The family can start by talking with the child’s pediatrician or family doctor. Some pediatricians may do the assessment themselves, but they often refer the family to an appropriate mental health specialist they know and trust.
There are also various state and local government agencies and volunteer organizations that can help identify specialists.
|Specialty||Can diagnose ADHD||Can prescribe medication, if needed||Can provide counseling or training|
|Clinical Social Workers||YES||NO||YES|
The National Institute of Mental Health lists the following as possible causes of ADHD-like behavior:
- A sudden change in the child’s life may happen due to the death of a parent or grandparent; parents’ separation/divorce; a parent’s job loss or other family crisis
- Unnoticed seizures
- A center ear illness that causes hearing problems
- Medical disorders that may affect brain functioning
- Underachievement caused by learning disability
- Anxiety or depression.
Ideally, specialists check school and medical records, being particularly alert for school records of hearing or vision problems, and home and classroom environments.
Next, the child is interviewed and observed in order to gather information on the child’s ongoing behavior. Teachers who have worked with many children over the years often develop the reliably accurate judgment
The child’s teachers, parents, babysitters, and others may be interviewed. Tests of intelligence and learning achievement may be administered in an effort to discover any learning disabilities.
All of this information is put together to form a profile of the child’s behavior, which can, in turn, be used to make a diagnosis.
New Diagnosis of Child Attention Deficit Hyperactivity Disorder
The first Diagnosis of Child Attention Deficit Hyperactivity Disorder was announced in January 2005. Researchers claim the diagnosis, which is based on examination of eye movements, is more than 93% accurate. The study was led by Giorgos Pavlidis at the University of Brunel, UK, who said, “Children with ADHD show the large difference in eye movements compared with normal children.”
The short (ten-minute) test is relatively easy for AD/HD sufferers to sit through and could benefit children as young as three years old. It is also thought that the test might indicate which patients are likely to respond well to drugs.
Is It Really ADHD?
Remember that not everyone who is overly hyperactive, inattentive, or impulsive has Attention-Deficit Hyperactivity Disorder. After all, most of us sometimes blurt out things we don’t mean to say, jump from one task to another, or become disorganized and forgetful. So how can specialists tell if the problem is ADHD?
It’s basically a matter of degree; the diagnosis requires that such behavior is demonstrated to a degree that is inappropriate for the person’s age. The behaviors must appear early in life, before age seven, and continue for at least six months.

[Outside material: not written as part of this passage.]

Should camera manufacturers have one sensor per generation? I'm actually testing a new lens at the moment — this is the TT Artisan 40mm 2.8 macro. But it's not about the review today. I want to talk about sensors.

The behaviors must create a real handicap in at least two areas of a person’s life, like home and the classroom, or the classroom and on the playground. Thus, an individual who exhibits some symptoms but whose academic performance or social life is not impaired would not be diagnosed with Child Attention-Deficit Hyperactivity Disorder.
Looking at it another way, we’ve already discussed the specific symptoms of Attention-Deficit Hyperactivity Disorder. Specialists also consider several critical questions regarding the quality of those symptoms when determining if a child needs help: Are these behaviors excessive, Long-term, and Pervasive?
In other words, do they occur more often than in other children the same age? Are they a recurrent problem, not just to a momentary condition? Do the behaviors take place in various settings? Professional psychologists can give the solution after Diagnosis of Child Attention Deficit Hyperactivity Disorder with the help of DSM-V-TR.